6. The multicore processor system according to claim 4, wherein the respective intermediate storage is further configured to receive and store at least one further information element for data processing in the respective processor in advance in the intermediate storage in an online mode of the data processor, so that a deterministic processing of respective implementations, including particular applications, is possible.

7. The multicore processor system according to claim 1, wherein the respective intermediate storage comprises circuitry configured to transmit at least one non-deterministic information element directly to the respective processor depending on at least one release indicator of the respective processor, so that this at least one non-deterministic information element can be processed by the respective processor.

8. The multicore processor system according to claim 1, wherein the respective intermediate storage comprises memory configured to store configuration data of the respective intermediate storage.

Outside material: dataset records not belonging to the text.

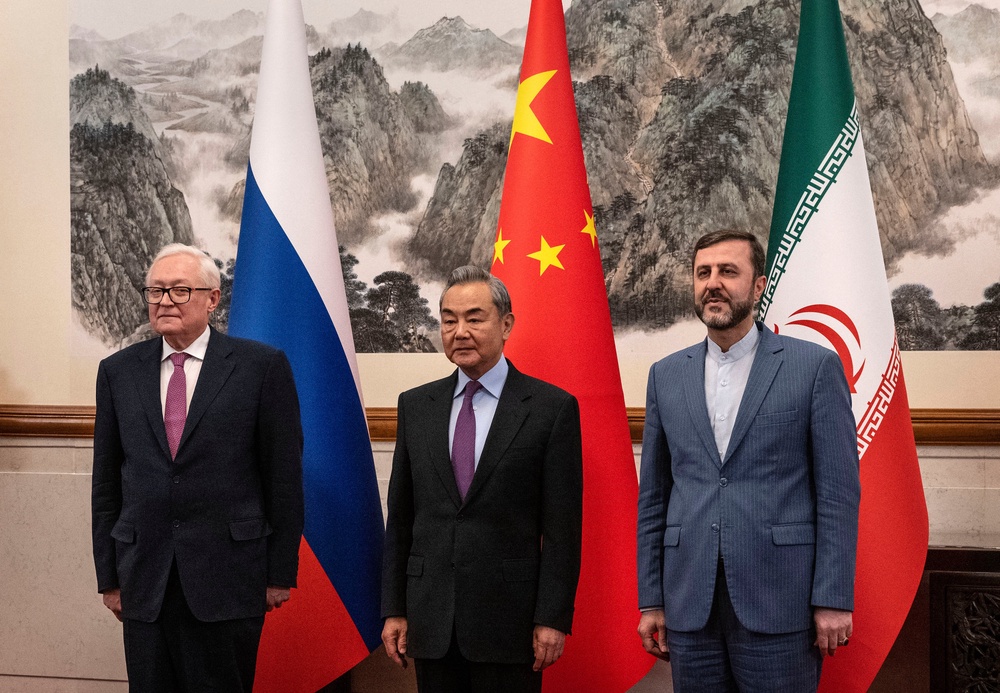 Last year, China's foreign minister met with Russia's and Iran's deputy foreign ministers to discuss sanctions relief on Iran (POOL/AFP via Getty Images)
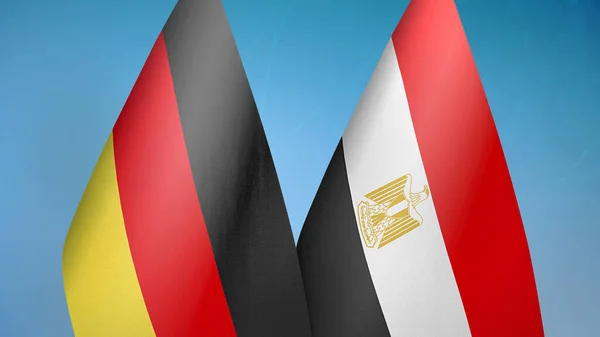 Germany and Egypt two flags together blue background
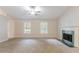 This open living room features recessed lighting, a fireplace, and large double windows at 2140 Deer Trl, Suwanee, GA 30024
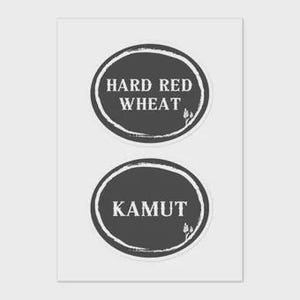 May include: Two dark grey oval stickers on a white background. The top sticker reads "HARD RED WHEAT" in white text. The bottom sticker reads "KAMUT" in white text. Both stickers have a white border and a small wheat graphic.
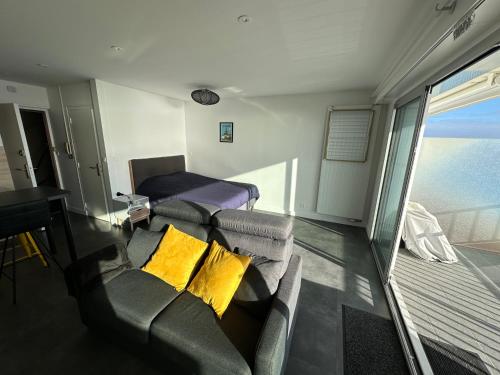 een woonkamer met een bank en gele kussens bij Studio face mer in La Baule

9. The multicore processor system according to claim 1, wherein the respective intermediate storage comprises memory configured to store diagnostic data of the respective intermediate storage.

10. The multicore processor system according to claim 1, wherein the respective intermediate storage comprises circuitry configured to allow at least two deterministic read and write accesses simultaneously.

11. The multicore processor system according to claim 10, wherein the circuitry configured to allow at least two deterministic read and write accesses simultaneously comprises at least one RAM unit, selected from the group consisting of SRAM unit, SDRAM unit, and DPRAM unit.

12. The multicore processor system according to claim 1, wherein the respective intermediate storage is configured to arrange received and stored deterministic information relating to at least one attribute of the respective information so that the information is serially transmittable to the respective processor in an ordered sequence.

13. The multicore processor system according to claim 12, wherein the at least one attribute of the respective information is selected from an earliest time of availability of the information relative to a start time of an application to which the information belongs, and determined data processing time of the information in the respective processor.

14. A method for deterministic data processing in a data processor comprising:

providing and activating the multicore processor system according to claim 1;

operating the multicore processor system so that a deterministic processing of respective implementations, in particular applications, is possible.

15. An aircraft comprising at least one multicore processor system according to claim 1.